High-level requirements

File Encoding

CSV files should be UTF-8 encoded. A common workflow is to use Microsoft Excel to build up a spreadsheet and save as CSV. Sometimes, these files are not UTF-8 encoded, but you can use a free application like TextWrangler or gedit to open a CSV file and save in UTF-8 format.

Layout / Formatting

TraitDB expects CSV files to be laid out as follows:

  1. The first row must be a header row - to provide column names.
  2. Column names must be unique
  3. Any row after the first row must be a data row.

Example CSV file

Family Genus Species Chromosome Number source: Chromosome Number Karyotype source: Karyotype Comments Other
Rutaceae Citrus xlimon 36 doi:10.9999/abc123 ZW http://karyotypes.io Fascinating! abc
Rutaceae Citrus cavaleriei 40 doi:10.9999/xyz456 ZW http://karyotypes.io Not so fascinating xyz

Columns

There are three types of columns that are imported by TraitDB: Taxonomy, Traits, and Metadata. The taxonomy is a series of ordered names used to identify an operational unit, to which trait observations can be recorded. Traits are categorical or continuous values that have been observed of the taxonomic unit. Each trait column can have associated source/reference columns as well as free-text note columns. Metadata is used to capture any other data that should be recorded for the unit, but is not necessarily a trait.

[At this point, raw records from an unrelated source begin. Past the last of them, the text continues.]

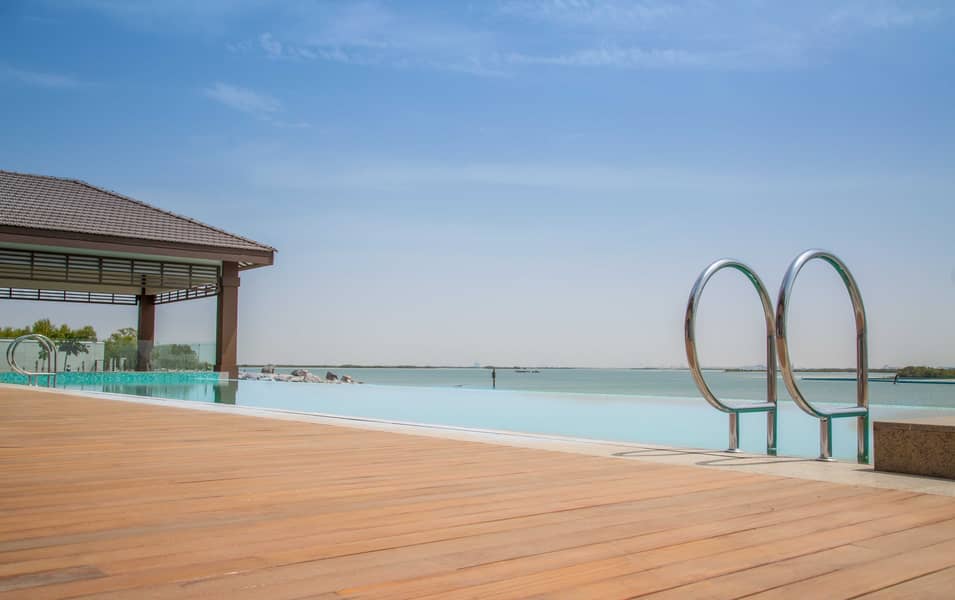 3 Luxury villa With Private Beach Access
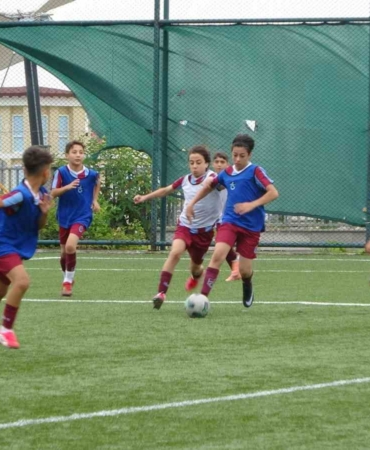 trabzonspor-futbol-okullari-yaz-kampi-basladi-IcH3kc2m.jpg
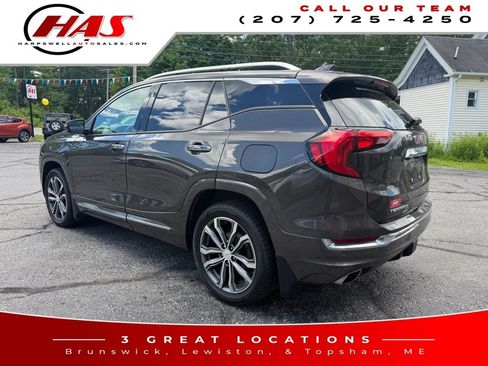 Used 2020 GMC Terrain Denali w/ Denali Premium Package AWD/4WD image 4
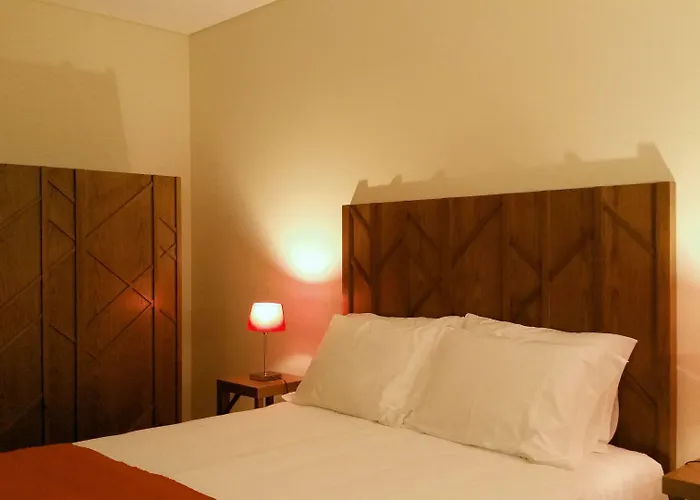 Casas Do Monte De Roques *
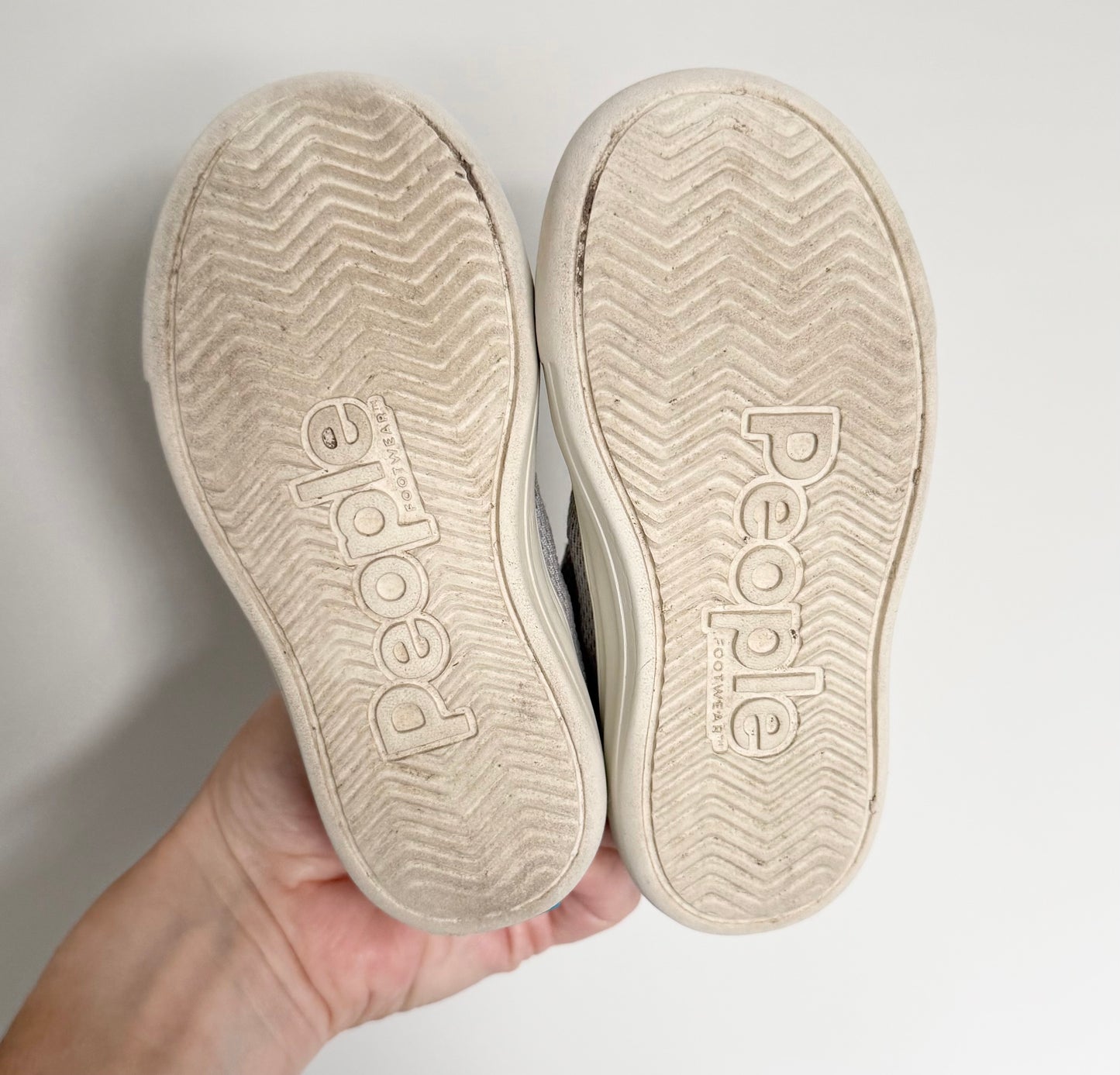 People Light Grey Stretch Lace Slip On Sneakers (7)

An Import Config instructs the TraitDB importer which columns are which. Columns not configured are ignored.

1. Taxonomy

As described earlier, the taxonomy columns are used to identify an operational taxonomic unit (OTU).

Family Genus Species
Rutaceae Citrus xlimon
Rutaceae Citrus cavaleriei

In this example we have two OTUs. Rutaceae-Citrus-xlimon and Rutaceae-Citrus-cavaleriei. Taxonomy is hierarchical, so these OTUs will share the same Family (Rutaceae) and Genus (Citrus).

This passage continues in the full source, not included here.